## [Records provided]

◇ ◇ ◇

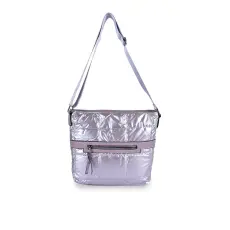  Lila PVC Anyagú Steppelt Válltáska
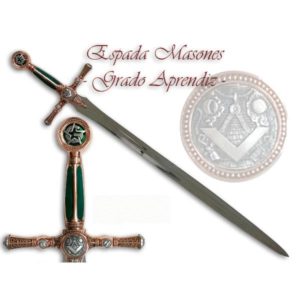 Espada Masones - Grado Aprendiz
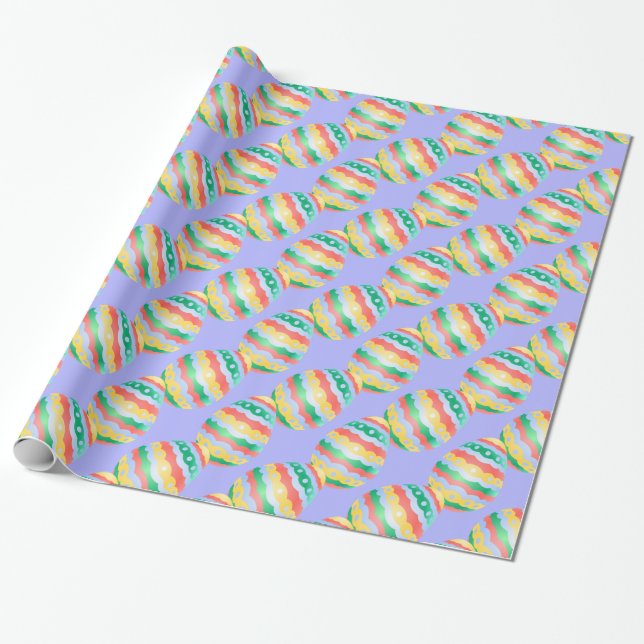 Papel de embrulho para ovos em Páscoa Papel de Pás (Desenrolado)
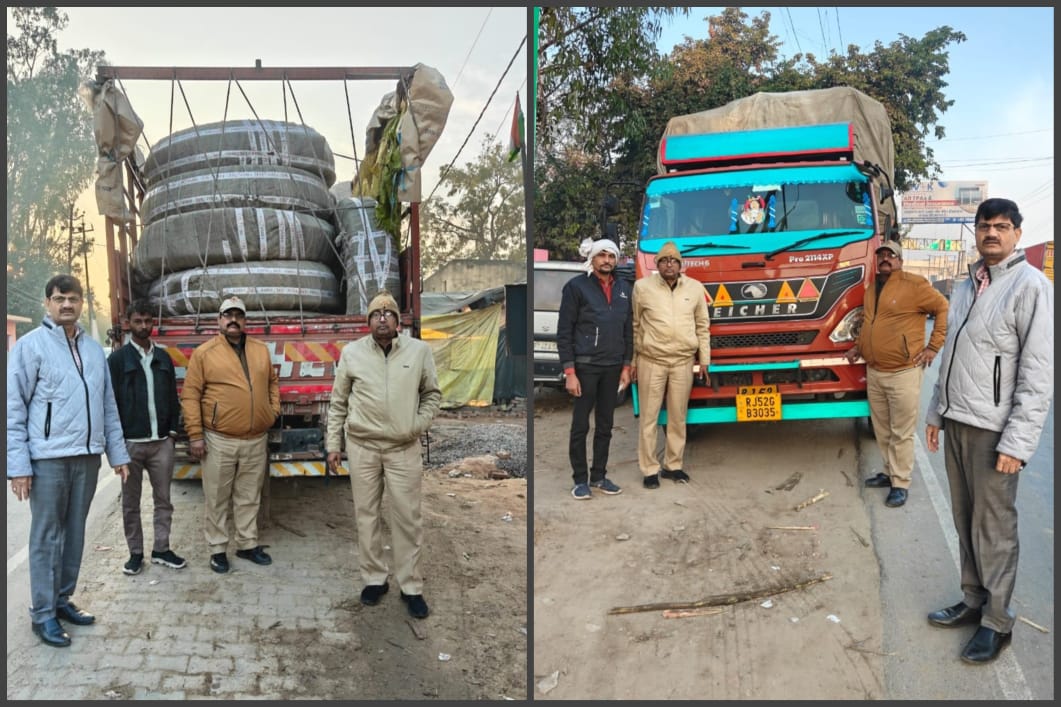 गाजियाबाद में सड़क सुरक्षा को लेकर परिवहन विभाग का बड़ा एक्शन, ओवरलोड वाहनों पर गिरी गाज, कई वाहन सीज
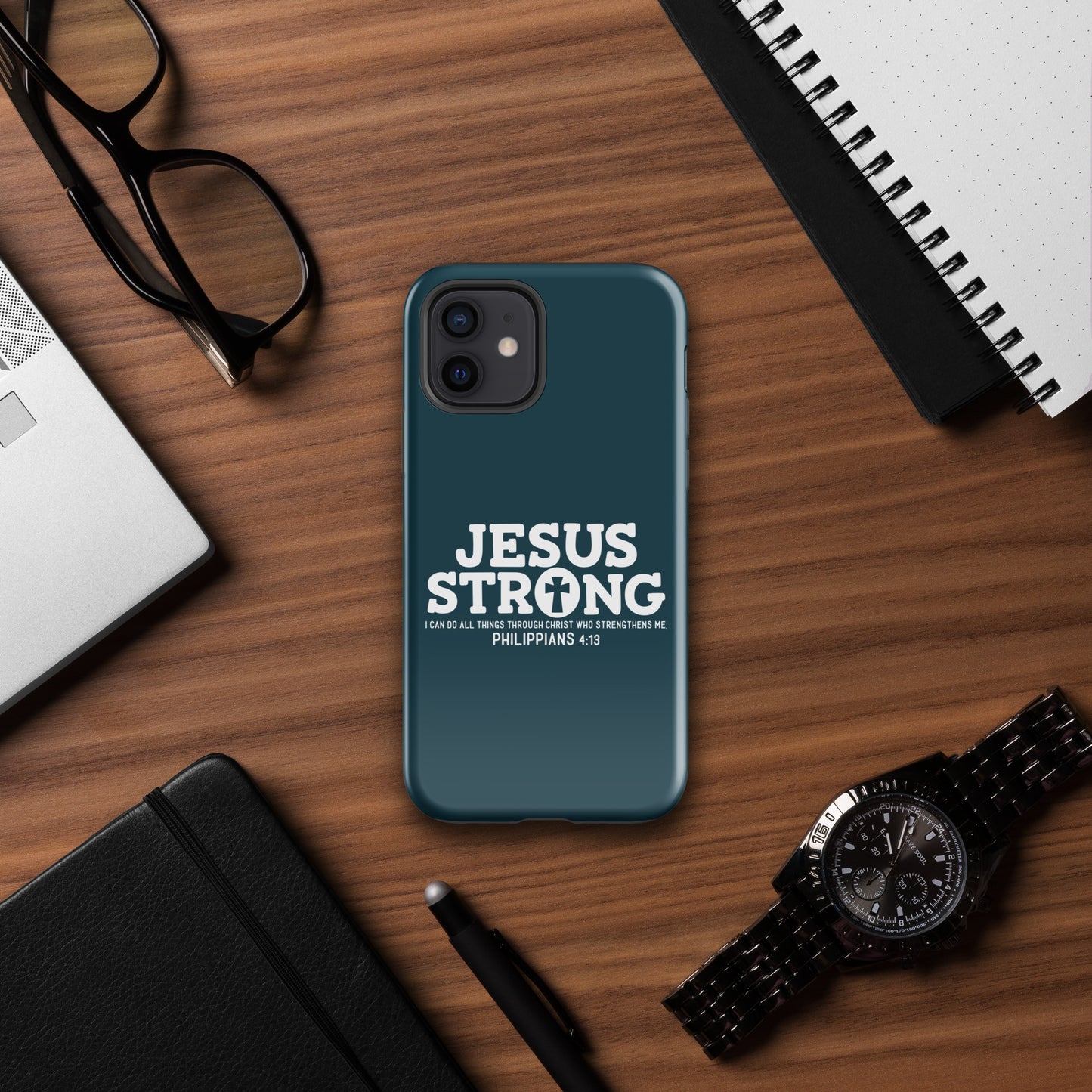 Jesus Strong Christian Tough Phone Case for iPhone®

◇ ◇ ◇

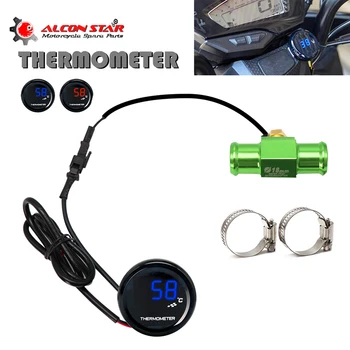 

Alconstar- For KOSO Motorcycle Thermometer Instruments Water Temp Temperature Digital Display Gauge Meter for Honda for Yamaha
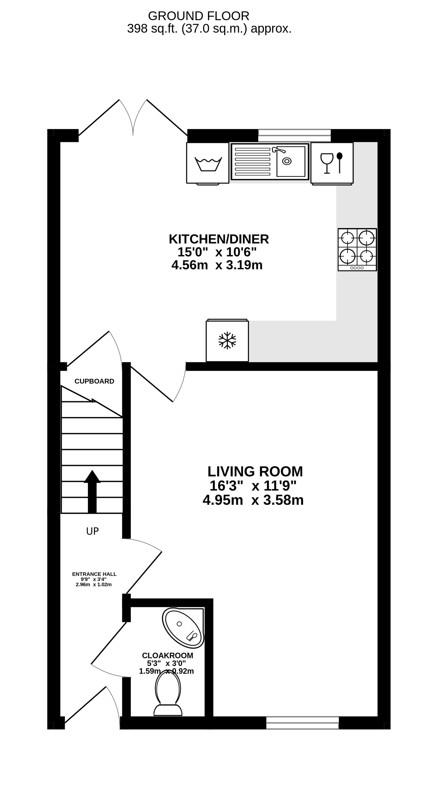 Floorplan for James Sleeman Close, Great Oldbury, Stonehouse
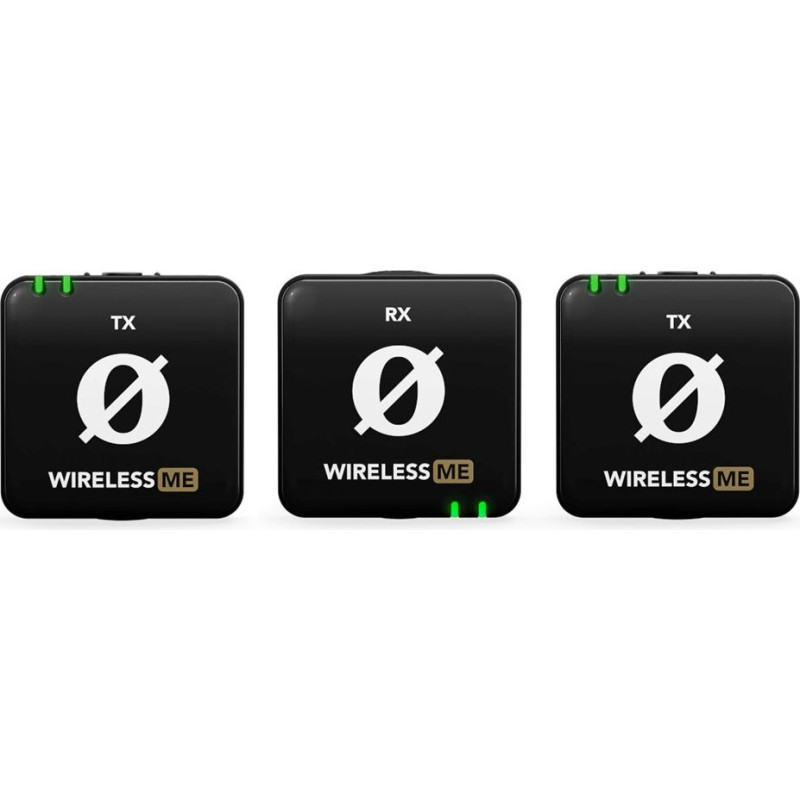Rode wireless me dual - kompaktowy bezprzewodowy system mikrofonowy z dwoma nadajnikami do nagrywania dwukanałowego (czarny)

◇ ◇ ◇

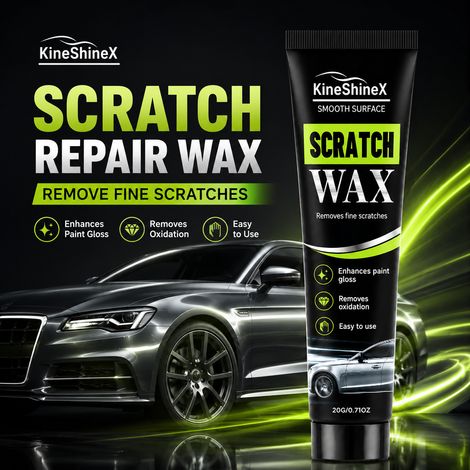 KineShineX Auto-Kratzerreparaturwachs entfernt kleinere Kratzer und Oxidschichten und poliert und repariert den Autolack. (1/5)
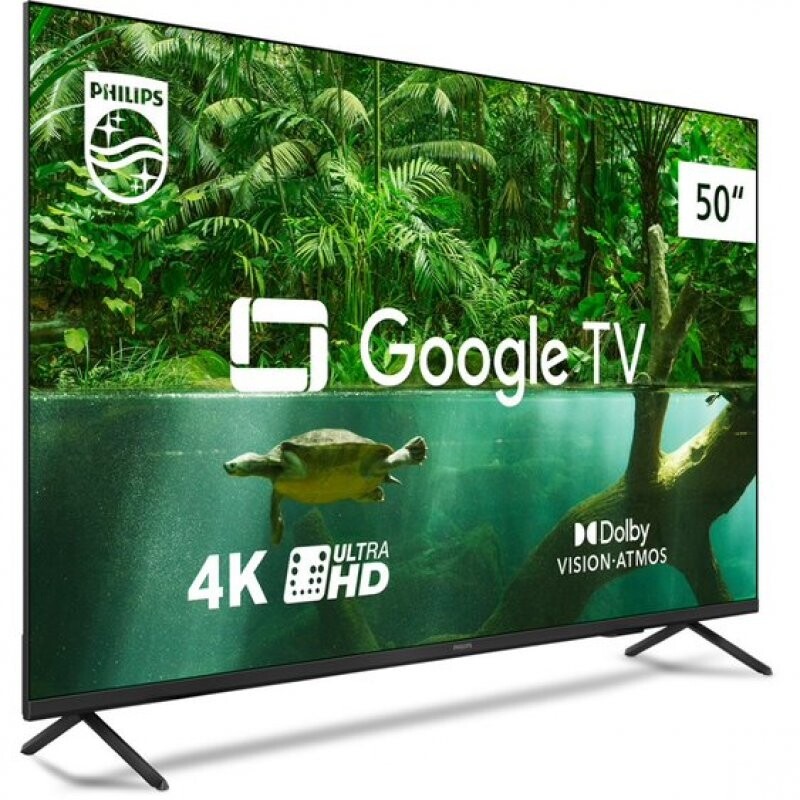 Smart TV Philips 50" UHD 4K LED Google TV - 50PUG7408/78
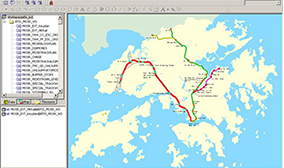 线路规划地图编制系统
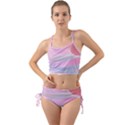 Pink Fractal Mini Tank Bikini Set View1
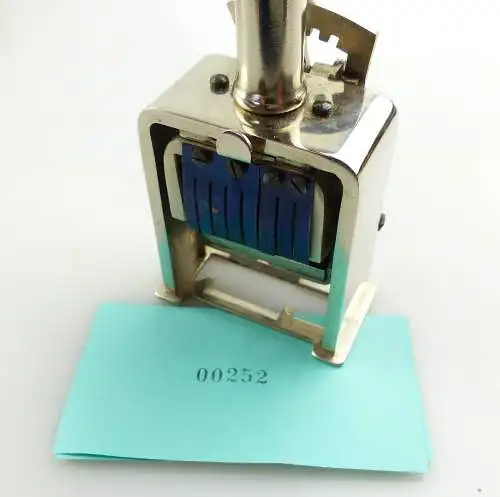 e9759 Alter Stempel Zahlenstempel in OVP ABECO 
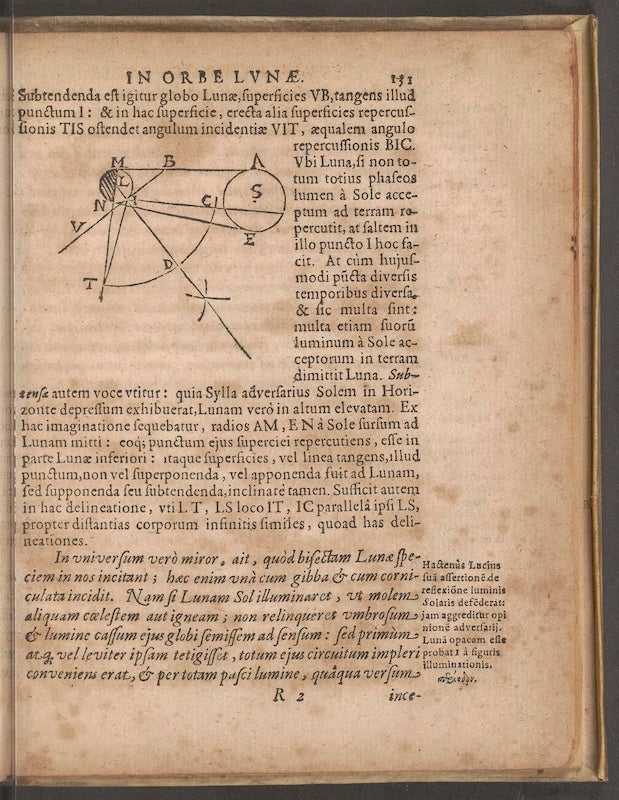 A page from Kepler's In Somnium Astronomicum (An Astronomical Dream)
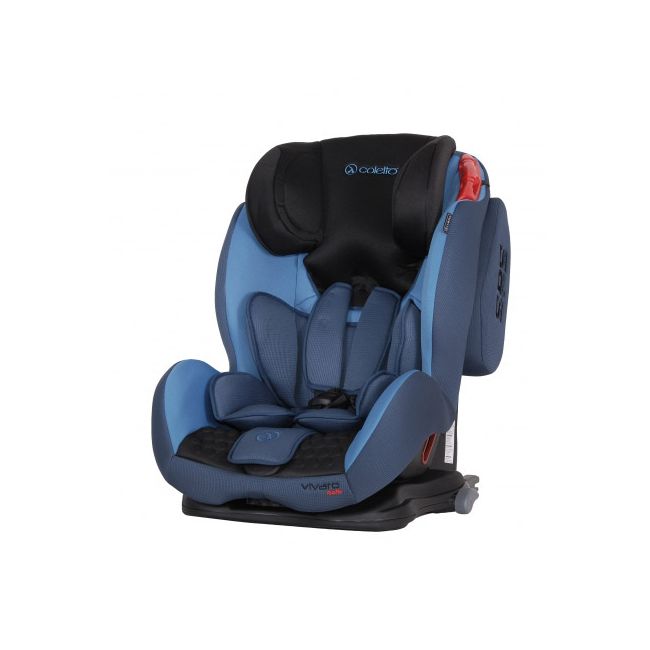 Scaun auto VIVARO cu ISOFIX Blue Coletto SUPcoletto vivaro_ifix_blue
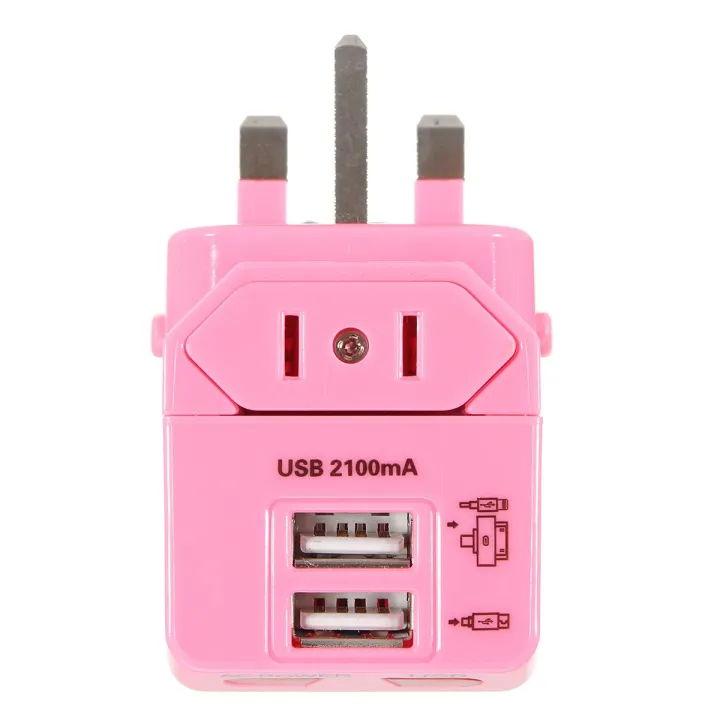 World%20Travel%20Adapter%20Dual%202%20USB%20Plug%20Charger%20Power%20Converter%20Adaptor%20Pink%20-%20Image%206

◇ ◇ ◇

## [What you need to do]
Exactly reproduce the lines above, starting at the one that contains "Lila PVC Anyagú Steppelt Válltáska" and ending at the one that contains "Jesus Strong Christian", both inclusive; leave the pictures out and add no other lines.

## [Solution below]
  Lila PVC Anyagú Steppelt Válltáska
 Espada Masones - Grado Aprendiz
 Papel de embrulho para ovos em Páscoa Papel de Pás (Desenrolado)
 गाजियाबाद में सड़क सुरक्षा को लेकर परिवहन विभाग का बड़ा एक्शन, ओवरलोड वाहनों पर गिरी गाज, कई वाहन सीज
 Jesus Strong Christian Tough Phone Case for iPhone®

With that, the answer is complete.